Edward Bunker (décédé en 2005) a passé dix-huit années de sa vie en prison, et pas dans des établissements des plus faciles. Enfance difficile, adolescence rebelle qui le conduit directement en prison, sans passer par la case départ, mais plutôt par la case maison de correction, et sans toucher 20 000 francs, Bunker connaître le crime et la justice le lui rend bien en ne lui faisant aucun cadeau. C'est notamment à San Quentin (prison réputée la plus difficile des USA), dont il fut le plus jeune prisonnier, que Bunker découvre la littérature, il dévore tout d'abord tout ce qui se présente à lui, puis devient de plus en plus sélectif pour s'intéresser aux plus grandes oeuvres de la littérature américaine et étrangère. Mais c'est à travers l'écriture qu'il connaît véritablement la rédemption, il rédige lors de ce premier séjour à San Quentin ses premières nouvelles sans trouver d'éditeur. Sorti de prison, il viole sa conditionnelle pour plusieurs délits (extorsion de fonds, faux chèques, cambriolages, ....) et se retrouve à nouveau derrière les barreaux, cette fois-ci pour 14 ans. Il continue d'écrire, toujours des nouvelles, mais également quatre romans. Bunker vend son sang pour récupérer un peu d'argent et envoyer ses manuscrits à différents éditeurs, en vain. A 34 ans il sort de prison, et replonge quelques mois plus tard, faute de perspectives de réinsertion. Cette fois-ci, c'est dans la prison de Marrion (Illinois) qu'il atterrit, autre lieu de perdition célèbre pour sa violence quotidienne. C'est là qu'il rédige le premier roman à trouver un éditeur en 1973 (Aucune bête aussi féroce), ainsi que des articles sur les conditions carcérales dans les prisons américaines. Libéré en 1975, sa notoriété commence à augmenter, notamment grâce à l'adaptation cinématographique de son premier roman. Bunker publie trois autres romans, avant ensuite de se tourner vers Hollywood. Il écrit quelques scénarios puis obtient des petits rôles (notamment Mister Blue dans "Reservoir Dog"). Le succès de ses oeuvres en Europe, puis l'adaptation cinématographique d'un autre de ses romans, La bête contre les murs (sous le titre Animal Factory), relança sa carrière au cours de ces dernières années.

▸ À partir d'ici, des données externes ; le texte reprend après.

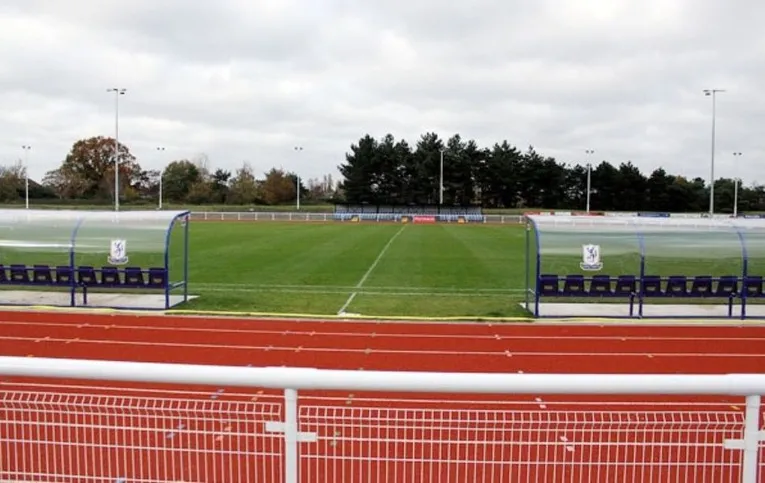 Khu vực dugout tại Sân Queen Elizabeth II, nơi ban huấn luyện và cầu thủ ngồi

La bête contre les murs n'est pas une autobiographie, mais le roman comporte une grande part de vécu. On sent que tout y est authentique, la violence, certes, mais aussi l'humanité/inhumanité de ces hommes que l'on enferme parfois à vie et pour lesquels il n'existe à peu près aucune perspective de réinsertion. Lorsqu'un homme entre à San Quentin, il est marqué à vie et il ne peut en ressortir qu'une bête. L'histoire de ce roman a le mérite d'être simple : Ron Decker, 25 ans, est incarcéré à San Quentin pour trafic de drogue. Dans la cour de la prison, le jeune homme se fait rapidement remarquer pour son physique plutôt avenant et sa jeunesse, qui en font un cible de premier choix pour des prisonniers en quête de chair fraîche. L'avenir de Ron apparaît plutôt obscur, jusqu'au jour où Earl, vieux taulard influent en membre de la fraternité blanche, se prend d'amitié pour lui et décide de le prendre sous son aile. Le roman est étonnant à plus d'un titre car il dresse à la fois un portrait sans concession du milieu carcéral américain (administration verreuse, réinsertion inexistante, violence extrême des prisons américaines, corruption des gardiens, trafics en tous genres, racisme et guerres interraciales....) tout en racontant l'histoire d'une amitié forte entre deux hommes, qui révèlent progressivement la complexité de leur personnalité, leur intelligence et leur sensibilité, mais également toute la fureur de leur violence. Aucun manichéisme, aucun faux-semblants, tout est brut, tout est vrai dans cette description d'un monde à la fois effrayant et fascinant. La prison est une micro-société qui a ses règles, ses tabous, ses légendes, la justice et le droit n'y ont pas cours. C'est une jungle dans laquelle il faut se montrer le plus fort, où être isolé est signe de mort, et pourtant il est parfois possible d'y trouver une parcelle d'humanité.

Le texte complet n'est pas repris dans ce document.